Personal information
- Born: 4 June 2001 (age 25) Jessore, Bangladesh
- Batting: Right-handed
- Bowling: Slow left-arm orthodox
- Role: Bowler

International information
- National side: Bangladesh;
- ODI debut (cap 38): 19 January 2025 v West Indies
- Last ODI: 7 October 2025 v England
- ODI shirt no.: 42
- T20I debut (cap 29): 30 October 2019 v Pakistan
- Last T20I: 29 October 2023 v Pakistan

Domestic team information
- 2017–2017/18: Chittagong Division

Career statistics
| Competition | ODI | T20I |
| Matches | 1 | 15 |
| Runs scored | – | 3 |
| Batting average | – | – |
| 100s/50s | – | 0/0 |
| Top score | – | 2* |
| Balls bowled | 18 | 299 |
| Wickets | 0 | 15 |
| Bowling average | – | 15.20 |
| 5 wickets in innings | – | 0 |
| 10 wickets in match | – | 0 |
| Best bowling | – | 2/4 |
| Catches/stumpings | 0/– | 4/– |

Medal record
Representing Bangladesh
Women's Cricket
Asian Games
| Bronze medal – third place | 2022 Hangzhou | Team |
- Source: ESPNcricinfo, 13 February 2023

= Sanjida Akter Meghla =

Bangladeshi cricketer (born 2001)

Sanjida Akter Maghla (সানজিদা আক্তার মেঘলা; born 4 June 2001) is a Bangladeshi cricketer who plays as a slow left-arm orthodox bowler for the Bangladesh.

==Career==
In October 2019, Meghla was named in Bangladesh's squad for their series against Pakistan.
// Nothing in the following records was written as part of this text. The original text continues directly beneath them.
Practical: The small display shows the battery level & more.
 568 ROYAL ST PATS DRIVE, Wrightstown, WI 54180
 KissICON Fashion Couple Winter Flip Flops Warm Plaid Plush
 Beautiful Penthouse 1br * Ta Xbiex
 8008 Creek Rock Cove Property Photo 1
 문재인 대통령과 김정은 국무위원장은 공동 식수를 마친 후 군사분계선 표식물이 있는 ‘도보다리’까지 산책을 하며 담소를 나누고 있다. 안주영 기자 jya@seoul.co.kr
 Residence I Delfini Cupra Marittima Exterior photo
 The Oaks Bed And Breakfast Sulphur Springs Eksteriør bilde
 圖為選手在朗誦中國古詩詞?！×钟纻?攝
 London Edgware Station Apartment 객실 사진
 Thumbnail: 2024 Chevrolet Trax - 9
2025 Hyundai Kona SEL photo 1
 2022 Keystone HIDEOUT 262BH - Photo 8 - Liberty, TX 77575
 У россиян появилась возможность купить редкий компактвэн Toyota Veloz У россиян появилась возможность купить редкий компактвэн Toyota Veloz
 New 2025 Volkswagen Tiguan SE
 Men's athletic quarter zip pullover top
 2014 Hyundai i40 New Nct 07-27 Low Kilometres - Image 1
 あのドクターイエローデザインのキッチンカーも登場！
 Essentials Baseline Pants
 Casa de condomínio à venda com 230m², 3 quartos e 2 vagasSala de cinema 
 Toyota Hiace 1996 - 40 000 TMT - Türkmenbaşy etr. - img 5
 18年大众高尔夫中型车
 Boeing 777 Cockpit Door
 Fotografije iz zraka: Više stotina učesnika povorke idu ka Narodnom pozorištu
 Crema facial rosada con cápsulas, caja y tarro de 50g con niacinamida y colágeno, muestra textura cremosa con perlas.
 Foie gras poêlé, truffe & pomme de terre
She made her Twenty20 International (T20I) debut for Bangladesh, against Pakistan, on 30 October 2019.

In November 2021, she was named in Bangladesh's One Day International (ODI) squad for their series against Zimbabwe, and for the 2021 Women's Cricket World Cup Qualifier tournament, also in Zimbabwe. In January 2022, she was named in Bangladesh's team for the 2022 Commonwealth Games Cricket Qualifier tournament in Malaysia. Later the same month, she was named as one of two reserve players in Bangladesh's team for the 2022 Women's Cricket World Cup in New Zealand.

Meghla was part of the Bangladesh squad for the 2025 Women's Cricket World Cup Qualifier in Pakistan in April 2025.